Setelah kita mengenal hadits ahad, maka ketahuilah bahwa semua ulama bersepakat wajibnya menerima hadits ahad baik dalam hukum maupun dalam aqidah bahkan dalam semua sisi agama.

Al-Imam Asy Syafi’i berkata dalam kitab beliau Ar Risalah, “Apabila satu orang boleh berbicara dalam suatu cabang ilmu tertentu, bahwa kaum muslimin yang lalu maupun yang sekarang telah bersepakat atas validnya berargumen dengan hadits ahad dan mencukupkan diri dengannya. Dan tidak diketahui seorang pun fuqaha’ dari kaum muslimin kecuali mereka menetapkan validitas argumen dengan hadits ahad.” Maka boleh juga untukku menetapkannya Akan tetapi aku berkata, “Aku tidak hafal adanya seorang pun fuqaha kaum muslimin yang berselisih dalam masalah penetapan khabar ahad.”

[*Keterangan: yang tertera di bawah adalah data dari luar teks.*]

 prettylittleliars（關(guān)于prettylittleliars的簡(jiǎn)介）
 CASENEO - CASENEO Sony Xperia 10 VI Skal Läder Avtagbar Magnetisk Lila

Maksudnya beliau tidak mengetahui adanya perselisihan. Beliau tidak menyatakan dengan tegas adanya ijma sebagai bentuk kehati hatian dan waro’. Tetapi adanya ijma wajibnya menerima kabar ahad telah dinyatakan oleh banyak ulama.

Al-Imam Ibnu Qayyim Al Jauziyyah berkata, “Adapun tingkatan yang kedelapan: Meyakini telah bersepakatnya umat atas hal-hal yang telah diketahui dan diyakini, yaitu dengan menerima hadits-hadits dan menetapkan sifat-sifat Rabb Ta’ala dengannya. Dalam hal ini tidak boleh meragukan suatu khabar yang sedikit penukilnya, yaitu dari kalangan shahabat radhiyallahu ‘anhum. Merekalah yang meriwayatkan hadits-hadits dan sebagian mereka saling bertemu satu sama lain dan saling menerima kabar tersebut, dan tidak ada satupun dari mereka yang mengingkari riwayat (ahad) tersebut. Kemudian bertemulah mereka dengan segenap tabi’in, dari awal sampai akhir’” (Mukhtashar As Shawa’iq Al Mursalah).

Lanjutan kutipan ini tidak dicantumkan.